00:00 In the previous lesson, I explained the vast difference in speed between the various parts of your computer, gave an overview on different kinds of memory, and briefly touched on file I/O. In this lesson, I’ll show you how all those things come together when you use the mmap module to map file contents into memory blocks.

00:20 If you were to write a function that did edits to a file, that function would likely read the file into a Python object (a string, a byte array, or something similar), make changes to the object, then serialize that object back onto the disk.

00:35 It might be into the same file, overwriting its contents. It might be to a new file or to a temp file that then gets renamed. But the results would be similar: new bytes on disk.

00:46 Instead, the mmap module provides an alternative way. It reads the file into a block of memory, which is abstracted by an mmap object, then operates directly on that object, meaning both the memory representation and the disk representation change.

01:05 This is both kind of simpler and kind of more complicated. You’ve got less steps happening, so you might get a performance gain, but you’re a little more restricted on what kinds of things you can do.

01:15 Let’s go play with mmap in the REPL, and I’ll show you what I mean. In the top window here, I have a simple function that reads a file and reports how many characters were read.

01:27 All of this is being done inside of a context manager—that’s the with statement—so that the file automatically will be closed upon exiting the context block. Now, into the REPL in the bottom window.

01:44 I’ve put a filename into a variable. This quixote file is a text file containing ten copies of the History of Don Quixote pulled off of Project Gutenberg.

01:55 All told, it’s twenty-four megabytes of data uncompressed. It’s ten copies because I wanted something a bit larger than a single copy. Now I’ll import the function in the top window …

02:10 and call it. So far, so good. Twenty-three million characters. Now let’s look at the mmap equivalent. New function up top. The first thing you’ll probably notice is there are two context managers here.

02:28 Like before, the file to be read is opened. That’s line 5. The new bit is where the file handle from the open file is used in a call to create an mmap object from the mmap module. Like files, this object has to be closed. So like files, it gets put in a context manager to make sure everything is cleaned up automatically. mmap doesn’t use a file handle.

02:52 It uses a file number, which you can get from the file handle itself. In addition to the file number, it also takes a size and an access flag. Giving a length of zero, like I did here, you will get back a block of memory the same size as the file being mapped.

03:09 The access flag is similar to the mode indicator in opening a file. I’ll go into much more detail about this flag later. Inside of the mmap context block, I’m doing pretty much the same thing as I did in the file_read() function.

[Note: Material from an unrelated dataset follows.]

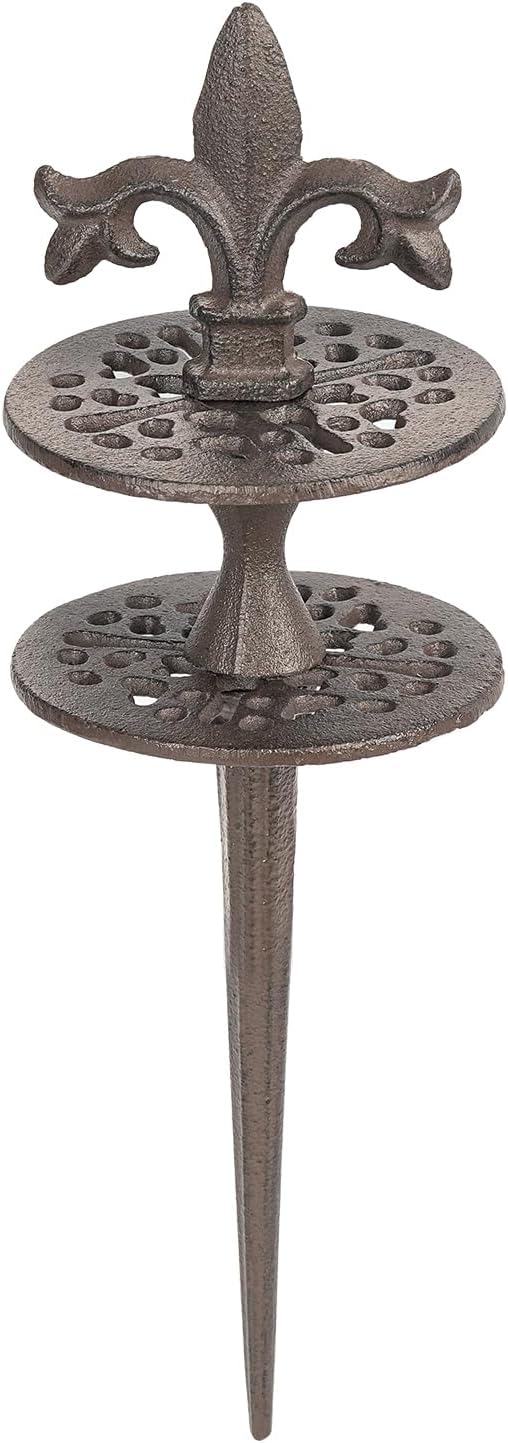 Sungmor Vintage Cast Iron Garden Hose Guide - Heavy Duty Hose Guide Stake for Lawns & Yard,Decoration Stake,Outdoor Water Pipe Decor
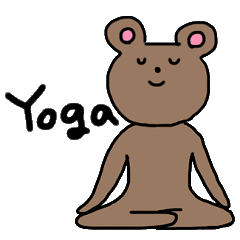 Yoga bear(English)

03:25 I’m reading the whole thing into a variable then figuring out how long it is. All right, let’s do this.

03:34 Imported it in …

03:39 and called it. Pretty similar. You’ll notice the amount of data looks different. mmap objects represent bytes, not strings. Python strings are in Unicode, and that means they may take up more than a single byte for a character.

03:54 That’s why the size is different. One of the key reasons for using mmap over vanilla file operations is performance, but there’s a big asterisk beside that special offer.

04:06 Let’s time the two functions and see the difference. I’m going to import the timeit library to do the timings. And now I’ll time the file_read() function.

04:25 Using timeit, the function got run three times, returning the results in the list printed at the bottom here. Pretty consistent: 0.067 seconds twice, and slightly faster the third time.

04:39 Let’s do it again with mmap.

04:51 That’s all over the shop, isn’t it? The first time is far worse than the vanilla code, but the second and third are significant improvements. This is where it gets messy.

05:00 There are a bunch of variables impacting the outcome. First, you’ll get different performance based on file size. Second, you’ll get different performance on different hardware due to what kinds of caches you have.

05:14 Third is how your OS has implemented the mmap call. Depressingly for me, there is a known issue in the macOS mmap call that makes it significantly slower than running Linux on the same hardware.

05:27 A colleague of mine running the same code on Windows was consistently getting ten times improvement. Do note that what I’m doing here is just using mmap to read some data and stuff it into a Python object. Although this might get you a performance boost, it is still stuffing things into a Python object.

05:45 Depending on what you’re doing, you may be able to stay inside of the mapped block, and that is where you’ll see better gains. More on that later as well.

05:56 In that little demo, I yada yadaed the whole characters and bytes thing. Let’s dig into it a bit more. The mmap call uses a byte array representation. That means it sees everything as the bytes that make up the block, regardless of what the data represents. In the case of a Unicode string, a single character may be more than a single byte.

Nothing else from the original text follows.